Fundamentally, there is of course no difference between data and code, but for real software infrastructures, there can be a big difference. Apart from obvious things like, as you mentioned, compilation, the biggest issue is this:

Most sufficiently large projects are designed to produce "releases" that are one big bundle, produced in 3-month (or longer) cycles, tested extensively and cannot be changed afterwards except in tightly controlled ways. "Code" most definitely cannot be changed, so anything that does need to be changed has to be factored out and made "configuration data" so that changing it becomes palatable those whose job it is to ensure that a release works.

Of course, in most cases bad configuration data can break a release just as thoroughly as bad code, so the whole thing is largely an illusion - in reality it doesn't matter whether it's code or "configuration data" that changes, what matters is that the interface between the main system and the parts that change is narrow and well-defined enough to give you a good chance that the person who does the change understands all consequences of what he's doing.

This is already harder than most people think when it's really just a few strings and numbers that are configured (I've personally witnessed a production mainframe system crash because it had one boolean value set differently than another system it was talking to). When your "configuration data" contains complex logic, it's almost impossible to achieve. But the situation isn't going to be any better ust because you use a badly-designed ad hoc "rules configuration" language instead of "real" code.


This is a rather philosophical question (which I like) so I'll answer it in a philosophical way: with nothing much to back it up. ;)

Data is the part of a system that can change. Code defines behavior; the way in which data can change into new data.

To put it more accurately: Data can be described by two components: a description of what the datum is supposed to represent (for instance, a variable with a name and a type) and a value. The value of the variable can change according to rules defined in code. The description does not change, of course, because if it does, we have a whole new piece of information. The code itself does not change, unless requirements (what we expect of the system) change.

To a compiler (or a VM), code is actually the data on which it performs its operations. However, the to-be-compiled code does not specify behavior for the compiler, the compiler's own code does that.
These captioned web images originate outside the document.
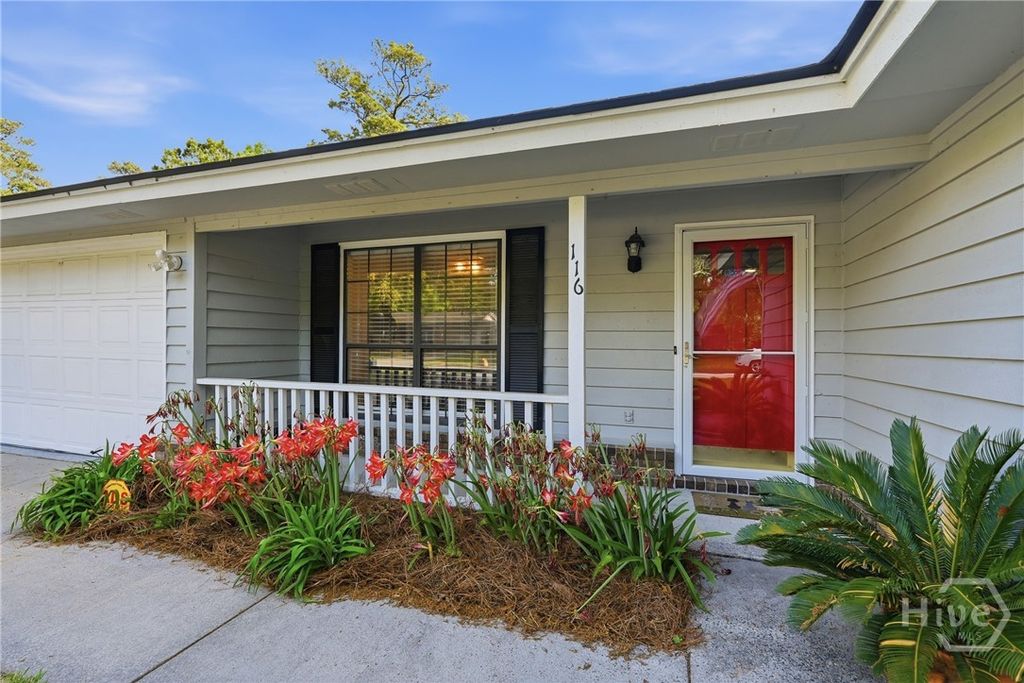 Photo of 116 Blue Heron Drive, Savannah, GA 31410 (MLS # SA352794)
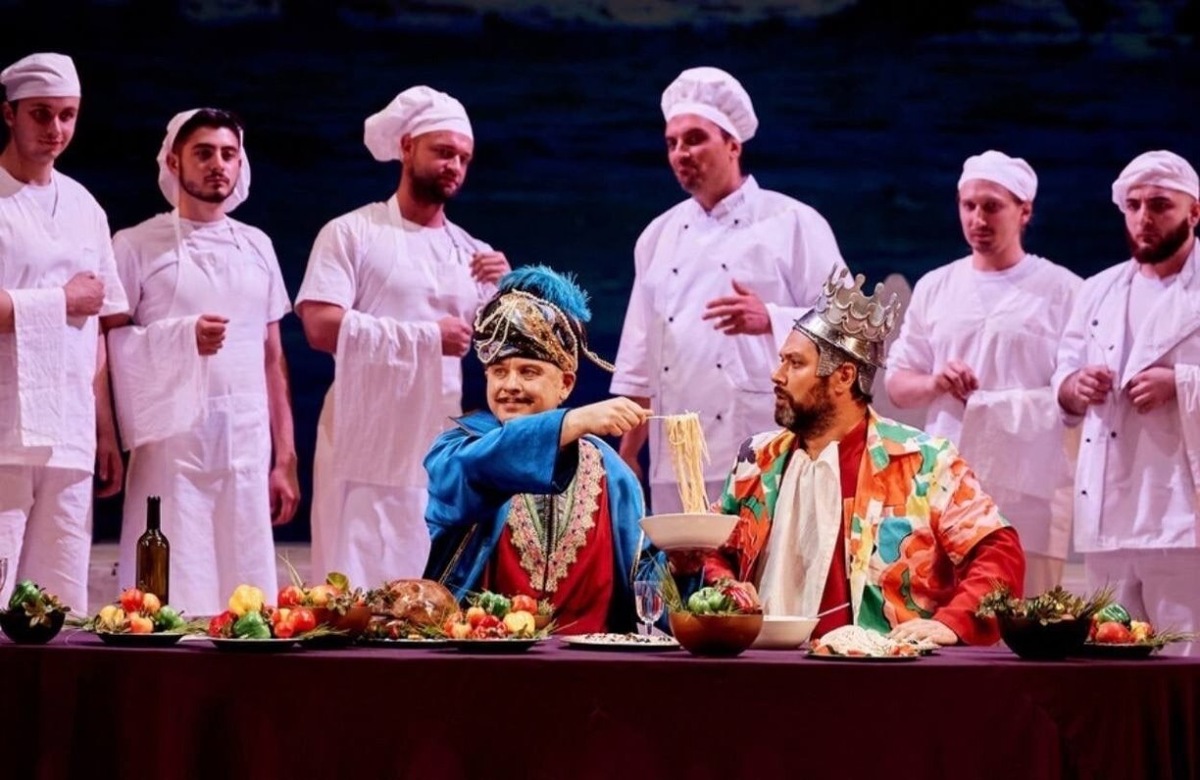 Сцена из оперы «Итальянка в Алжире». Фото: Мариинский театр https://vk.cc/cyqinp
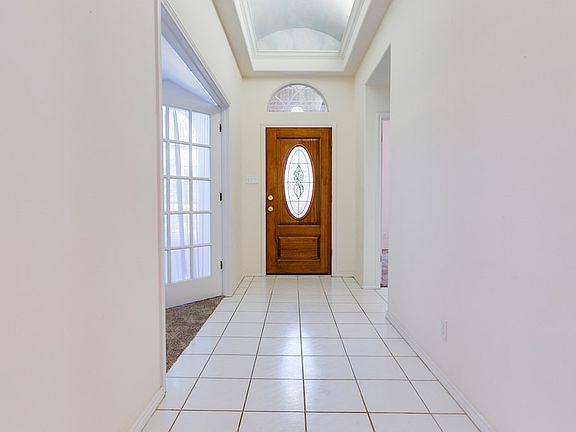 4th image of 32 Southridge Dr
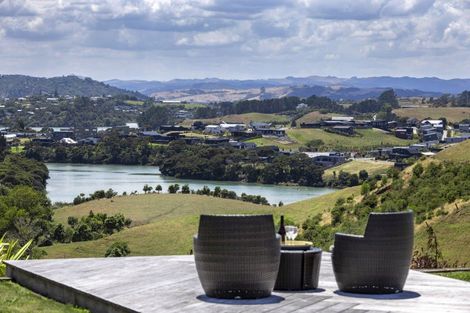 Photo of property in 165b Te Hutewai Road, Raglan, 3296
It all depends on the requirement. If the data is like lookup data and changes frequently you dont really want to do it in code, but things like Day of the Week, should not chnage for the next 200 years or so, so code that.

You might consider changing your topic, as the first thing I thought of when I saw it, was the age old LISP discussion of code vs data. Lucky in Scheme code and data looks the same, but thats about it, you can never accidentally mix code with data as is very possible in LISP with unhygienic macros.